◆ **Work to complete**
Give back the full listing exactly, setting the pictures aside.

◆ **Collected data**
———
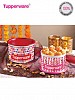Tupperware Petals Collection One Touch Topper Container Set, 2-Pieces @ 27% OFF Rs 774.00 Only FREE Shipping + Extra Discount - Tupperware Container Online, Buy Tupperware Container Online Online, Tumblers Online Shop, Online Shopping Products, Buy Online Shopping Products,  online Sabse Sasta in India -  for  - 2165/20150805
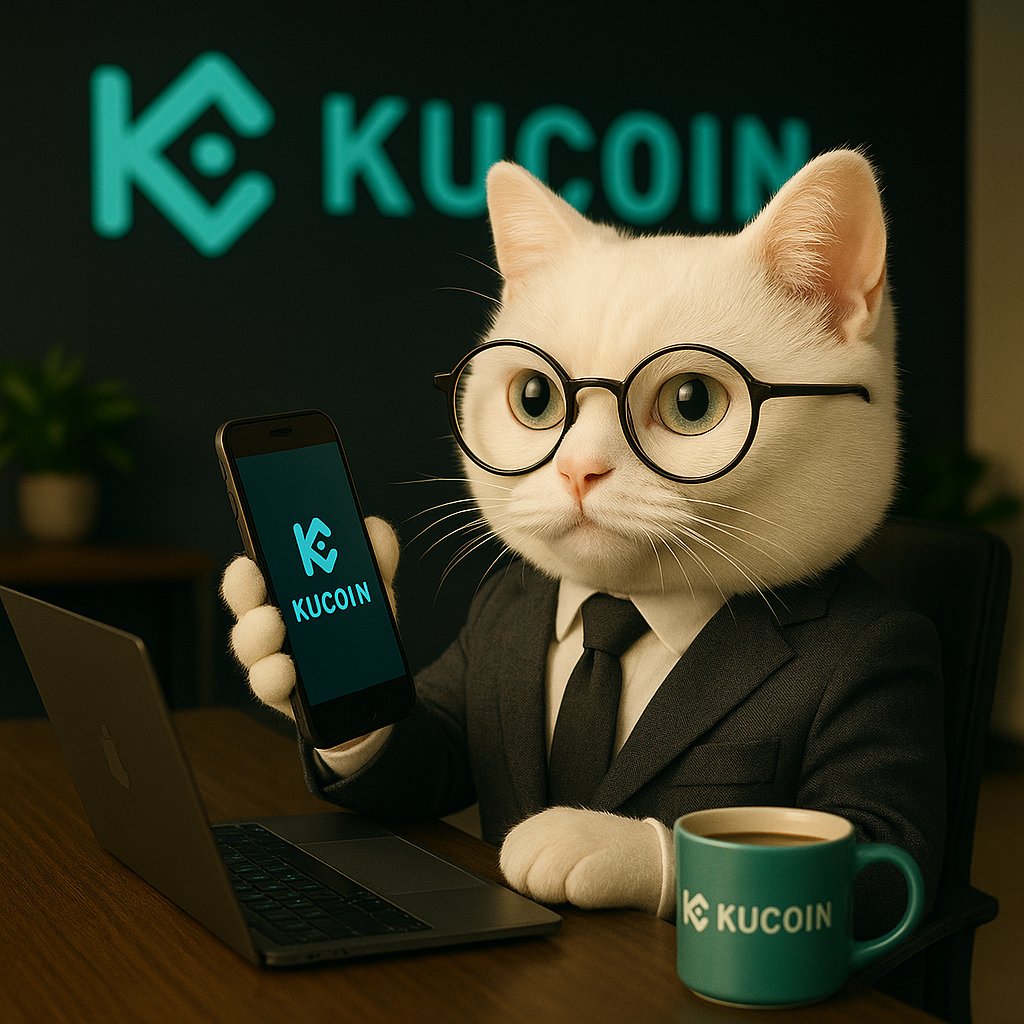 <a href="/kucoincom/">KuCoin</a> This is why we look forward to <a href="/wikicatcoin/">Wiki Cat</a> listing on <a href="/kucoincom/">KuCoin</a>.

We believe $WKC will add great value to the exchange with it's solid community and utilities.

CA: 0x6Ec90334d89dBdc89E08A133271be3d104128Edb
———
◆ **Task solution**
Tupperware Petals Collection One Touch Topper Container Set, 2-Pieces @ 27% OFF Rs 774.00 Only FREE Shipping + Extra Discount - Tupperware Container Online, Buy Tupperware Container Online Online, Tumblers Online Shop, Online Shopping Products, Buy Online Shopping Products,  online Sabse Sasta in India -  for  - 2165/20150805
 <a href="/kucoincom/">KuCoin</a> This is why we look forward to <a href="/wikicatcoin/">Wiki Cat</a> listing on <a href="/kucoincom/">KuCoin</a>.

We believe $WKC will add great value to the exchange with it's solid community and utilities.

CA: 0x6Ec90334d89dBdc89E08A133271be3d104128Edb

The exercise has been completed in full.